好ましい温度範囲は、800〜1200℃であり、さらに好ましくは900〜1100℃である。
また、(ii)でいう還元性雰囲気とは、発熱性ガスの還元作用を妨げないような低い酸素濃度の雰囲気であるということもできる。具体的には、酸素濃度は0〜5%程度、好ましくは0〜3%である。
【0012】
上記の特定領域は、例えば一般的なセメント原料焼成装置において、ロータリーキルン3のセメント原料入口部、前記入口部に接続されたインレットチャンバ6およびインレットチャンバ6に接続するライジングダクト8のうちの少なくとも一つの領域が挙げられる。これらの場所は、特定領域の条件を多くの場合でよく満たしている。
【0013】
固形可燃性廃棄物を熱分解し、発熱性ガスを得るには、例えば次の2つの方法が有利である。
(a)固形可燃性廃棄物が燃焼するに必要な理論酸素量以下の酸素量(好適には70%以下)で、固形可燃性廃棄物の一部を燃焼させ、その反応熱を利用して、残りの固形可燃性廃棄物の加熱・熱分解を継続させガス化する方法(部分酸化型ガス化);および
(b)空気などの流入を遮断して固形可燃性廃棄物を間接加熱し、熱分解し、ガス化する方法(完全乾留型ガス化)。
(a)の方法は、固形可燃性廃棄物が有する熱量の一部が燃焼によって失われるが、熱分解に必要な熱量を外部から与える必要がないので、コスト的に有利である。しかし、生成する発熱性ガスに含まれる水素、一酸化炭素および炭化水素といった還元剤となる成分の含有量が少なくなる。

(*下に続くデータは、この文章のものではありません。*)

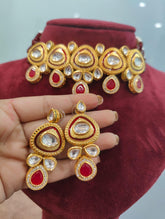 Ethnic Green Pearls Gold Plated Jaipuri Choker Necklace - Steorra Jewels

(b)の方法は、生成する発熱性ガスに含まれる還元剤となる成分の含有量は多くなるという利点はあるが、固形可燃性廃棄物の熱分解に必要な熱量を外部から与える必要があり、ロータリーキルン3で生じた高温ガス31や、クリンカークーラー4によって熱交換された高温ガス41をそれに用いることにより、コスト的な問題は解決される。
本発明においては、(b)の方法がとくに好ましい。
【0014】
また本発明による窒素酸化物の低減方法では、発熱性ガスにより窒素酸化物を低減すると同時に発熱性ガスをセメント原料焼成のための燃料の一部として代替することができる。発熱性ガスの燃焼方法の例を以下に示す。

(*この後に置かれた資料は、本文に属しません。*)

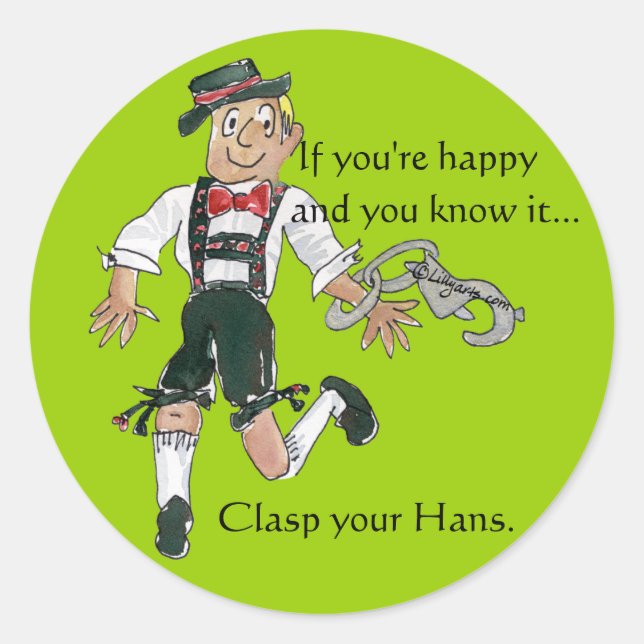Lederhosen Oktoberfest Envelope Seals Stickers (Front)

(i)ロータリーキルン3のキルンバーナー7の主燃料の一部代替として使用する方法;
(ii)仮焼炉2の仮焼炉バーナー5の主燃料の一部代替として使用する方法;
(iii)上記(i)および(ii)を同時に行う方法;
(iv)主燃料用のキルンバーナー7および/または仮焼炉バーナー5の周辺に発熱性ガス専用のバーナーを設置し、主燃料の代替として使用する方法;
等である。
【0015】
また、塩素含有量の多いRDF等の固形可燃性廃棄物を使用する場合は、ロータリーキルン3から発生する排ガスの一部を、ダストと共に抽気し、塩素化合物含有ダストを系外に取り出す塩素バイパスシステムを併用することで塩素の問題を解決することができる。

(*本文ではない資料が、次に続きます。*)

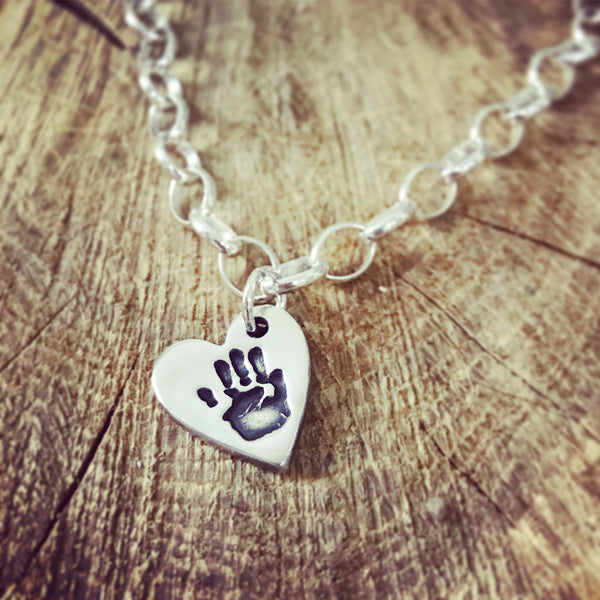 hand print heart charm on belcher bracelet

塩素バイパスシステムは、例えばWO97/21638号公報等に開示された技術で既に知られている。
【0016】
なお、固形可燃性廃棄物を熱分解した後の残渣は廃棄することなく、サスペンションプレヒーター1もしくはロータリーキルン3に供給し、セメントの原料の一部として使用される。
【0017】
なお、特開昭53−86719号公報には、還元性ガスを利用してセメントクリンカー焼成炉における窒素酸化物を除去する方法が、また特公昭55−6591号公報には、可燃性の窒素酸化物還元剤を供給してセメント原料焼成設備における窒素酸化物を除去する方法が開示されているが、これらに使用される還元性ガスまたは還元剤は、これを得るためにガス燃料や重油を使用する必要があり、コスト面で著しく不利となる。これら公報には固形可燃性廃棄物を熱分解した後の発熱性ガスを使用する旨は全く開示または示唆されておらず、また該発熱性ガスを前記の特定領域に導入することも、全く記載されていない。
【0018】
【実施例】
以下、本発明を実施例によりさらに説明する。
発熱性ガスとしてメタンを用い、温度に対する窒素酸化物の低減率の変化を調べた。φ40mmの電気炉中の雰囲気を、NO:CH4:O2の容積%が1:1:0(電気炉中の雰囲気は、N2が99.6%、NOが0.2%およびCH4が0.2%である)および1:1:1(電気炉中の雰囲気は、N2が99.4%、NOが0.2%およびCH4が0.2%およびO2が0.2%となる)の比率となるように調整し、700℃〜1100℃の範囲で温度を変化させ、窒素酸化物(NO)の低減率を調べた。
結果を図2に示す。
図2から、800℃以上の温度、とくに900℃以上の温度で良好な窒素酸化物の低減効果が生じることが分かる。
【0019】
【発明の効果】
本発明によれば、固形可燃性廃棄物の熱量を有効に活用することができ、かつセメント原料焼成装置における窒素酸化物を低コストで効率よく低減できる方法が提供される。
【図面の簡単な説明】
【図1】一般的なセメント焼成プロセスを説明するための図である。
【図2】発熱性ガスとしてメタンを用いた場合の、温度に対する窒素酸化物の低減率の変化を示す図である。
【符号の説明】
1 サスペンションプレヒーター
2 仮焼炉
3 ロータリーキルン
4 クリンカークーラー
5 仮焼炉バーナー
6 インレットチャンバ
7 キルンバーナー
8 ライジングダクト
31,41 高温ガス

Claims (5)

  1. 少なくともサスペンションプレヒーターおよびロータリーキルンを備えたセメント原料焼成装置から発生する窒素酸化物を低減する方法であって、前記方法は、固形可燃性廃棄物を熱分解し、発熱性ガスを得、前記発熱性ガスを前記セメント原料焼成装置内の下記条件(i)および(ii)を満たす特定領域に導入し、前記発熱性ガスに含まれる水素、一酸化炭素および炭化水素によりCaOの触媒存在下で窒素酸化物を還元し、かつ窒素酸化物の還元にあずからない発熱性ガスを前記特定領域およびその後段で完全に燃焼することを特徴とするセメント原料焼成装置における窒素酸化物の低減方法。
    特定領域条件:
    (i) 800〜1200℃の温度範囲である;および
    (ii) 還元性雰囲気である。
  2. 特定領域における温度範囲が900〜1100℃である請求項1に記載の方法。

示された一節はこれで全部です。